Below are records with pictures; copy word for word only the lines between the line with "Dacia Duster - 3600" and the line with "Actual product image Metabo FSP 1000 S", inclusive, and drop the pictures.

*Given records*:
=====
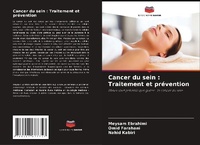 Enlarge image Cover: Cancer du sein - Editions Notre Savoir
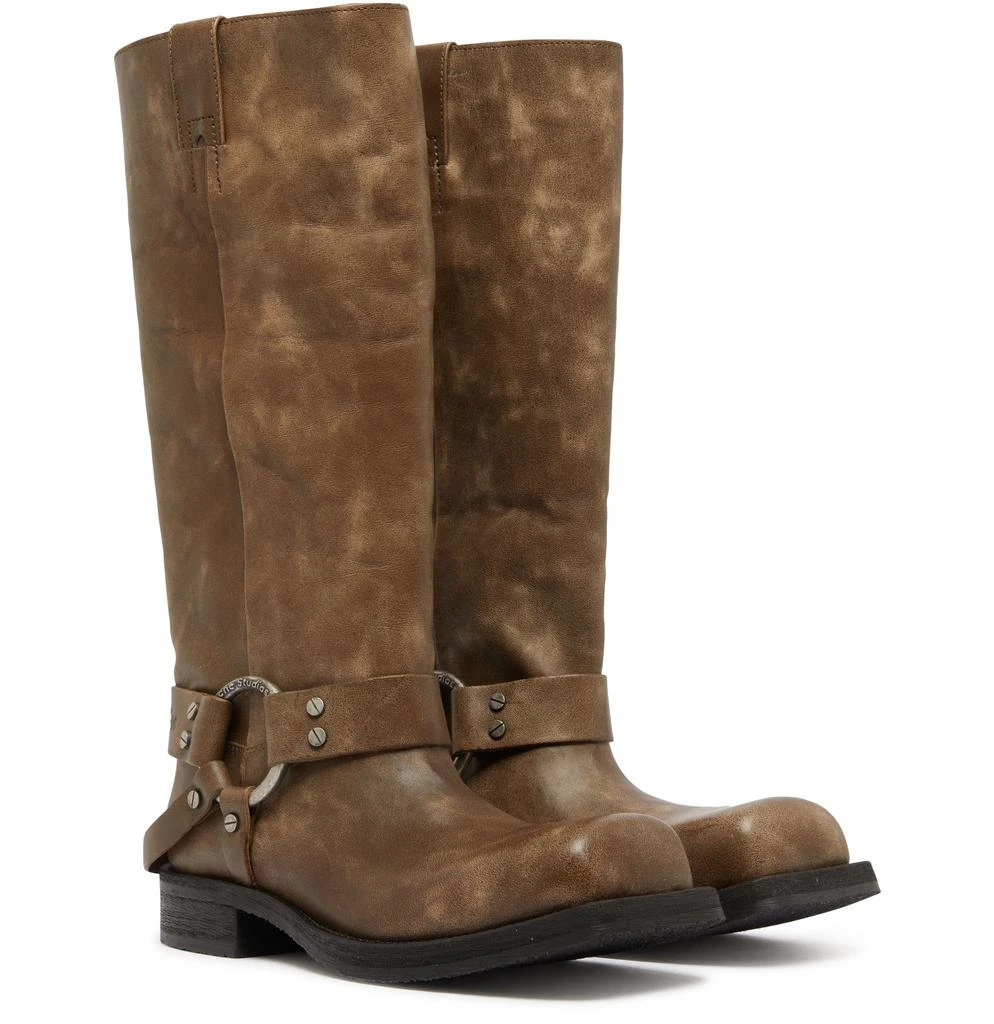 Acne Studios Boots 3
=====
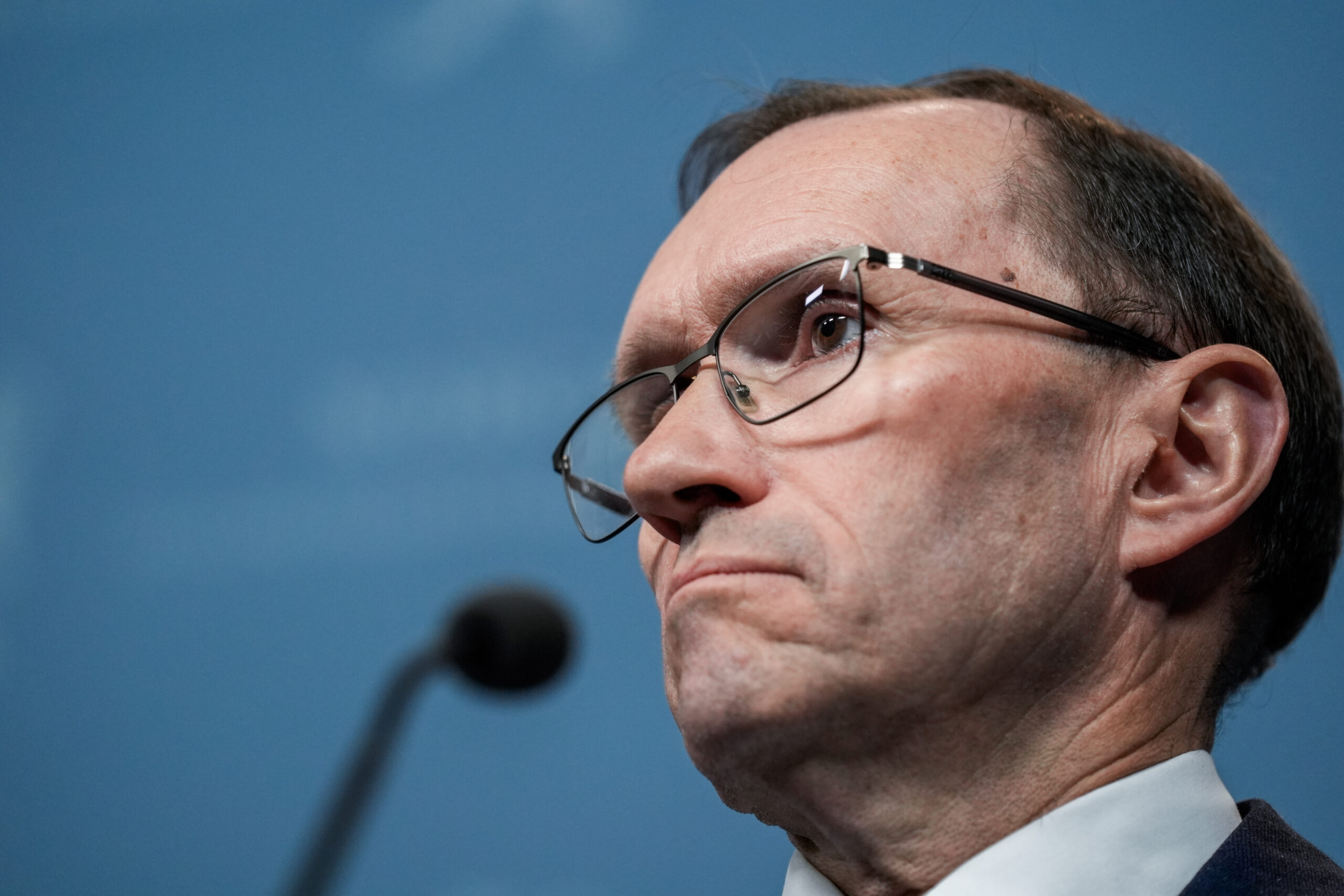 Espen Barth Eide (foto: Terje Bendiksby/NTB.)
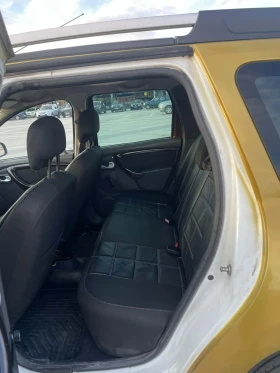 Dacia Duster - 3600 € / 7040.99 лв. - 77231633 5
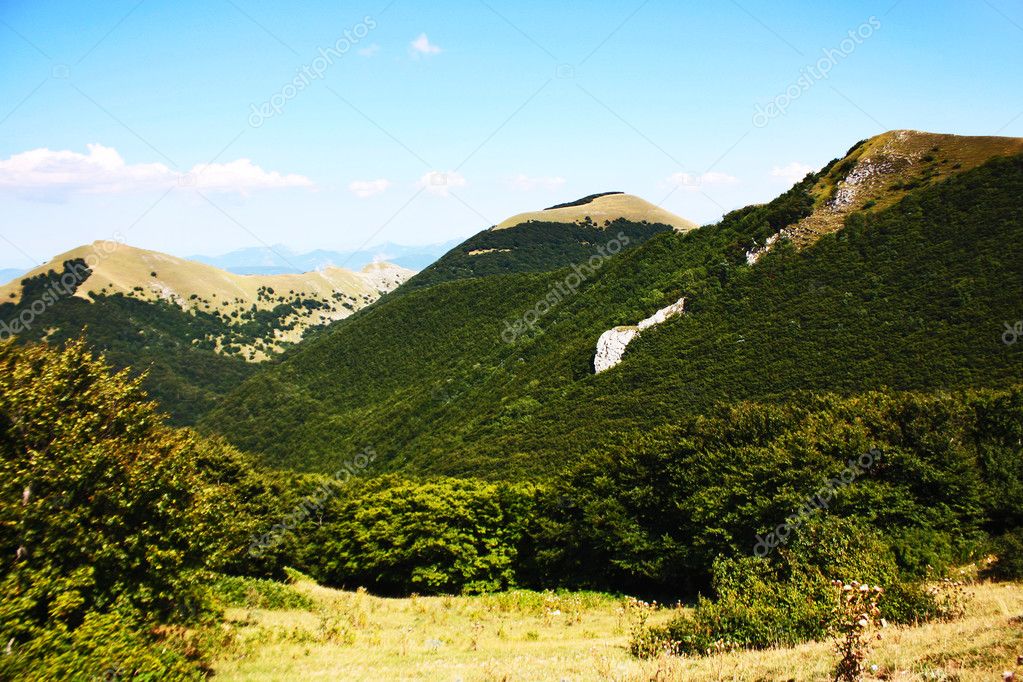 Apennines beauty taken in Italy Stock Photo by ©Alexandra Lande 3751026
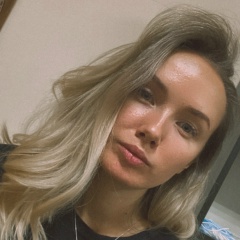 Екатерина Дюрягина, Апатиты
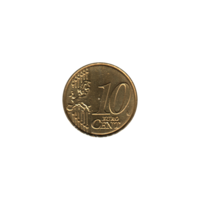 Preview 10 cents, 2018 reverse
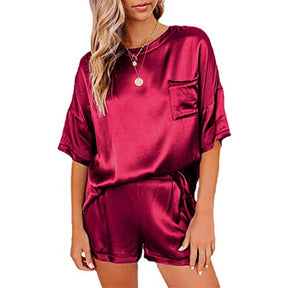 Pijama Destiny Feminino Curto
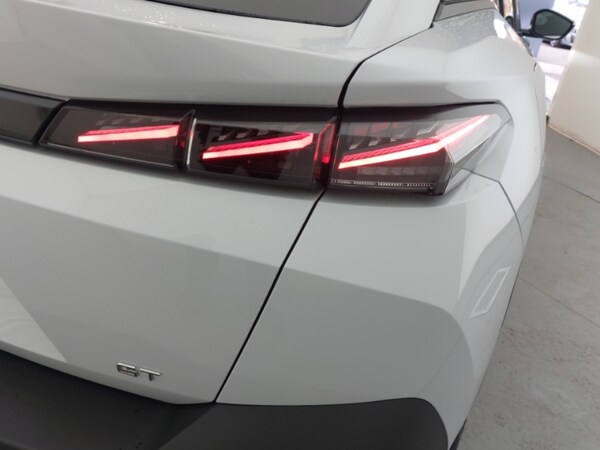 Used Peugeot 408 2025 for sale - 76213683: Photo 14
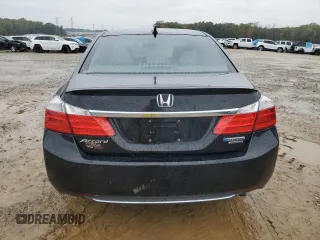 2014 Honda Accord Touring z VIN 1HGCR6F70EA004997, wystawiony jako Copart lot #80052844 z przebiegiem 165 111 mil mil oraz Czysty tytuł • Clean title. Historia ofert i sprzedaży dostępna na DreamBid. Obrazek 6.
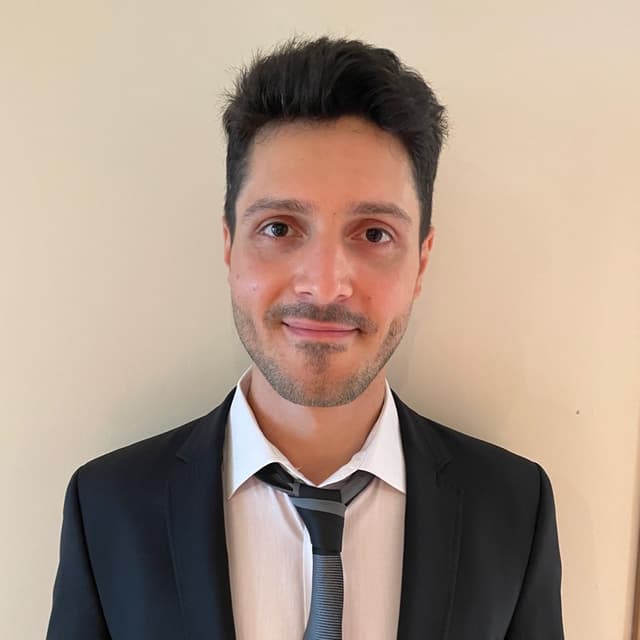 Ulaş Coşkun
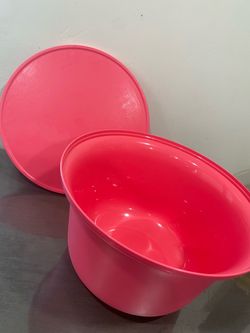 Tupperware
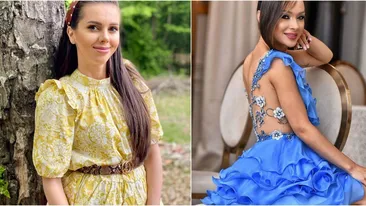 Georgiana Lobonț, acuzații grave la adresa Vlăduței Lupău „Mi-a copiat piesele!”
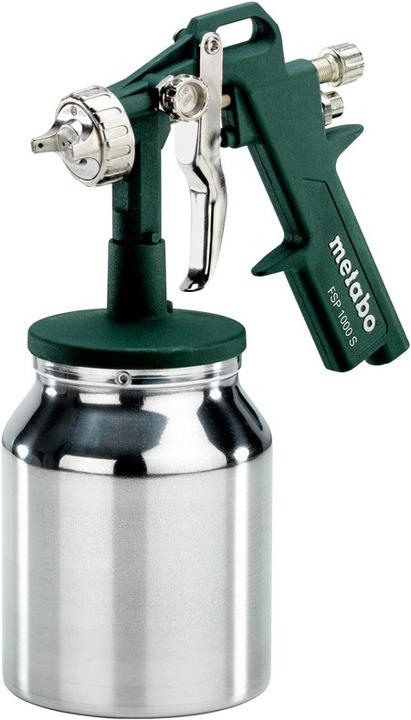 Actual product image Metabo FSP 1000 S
=====
*Output*:
 Dacia Duster - 3600 € / 7040.99 лв. - 77231633 5
 Apennines beauty taken in Italy Stock Photo by ©Alexandra Lande 3751026
 Екатерина Дюрягина, Апатиты
 Preview 10 cents, 2018 reverse
 Pijama Destiny Feminino Curto
 Used Peugeot 408 2025 for sale - 76213683: Photo 14
 2014 Honda Accord Touring z VIN 1HGCR6F70EA004997, wystawiony jako Copart lot #80052844 z przebiegiem 165 111 mil mil oraz Czysty tytuł • Clean title. Historia ofert i sprzedaży dostępna na DreamBid. Obrazek 6.
 Ulaş Coşkun
 Tupperware
 Georgiana Lobonț, acuzații grave la adresa Vlăduței Lupău „Mi-a copiat piesele!”
 Actual product image Metabo FSP 1000 S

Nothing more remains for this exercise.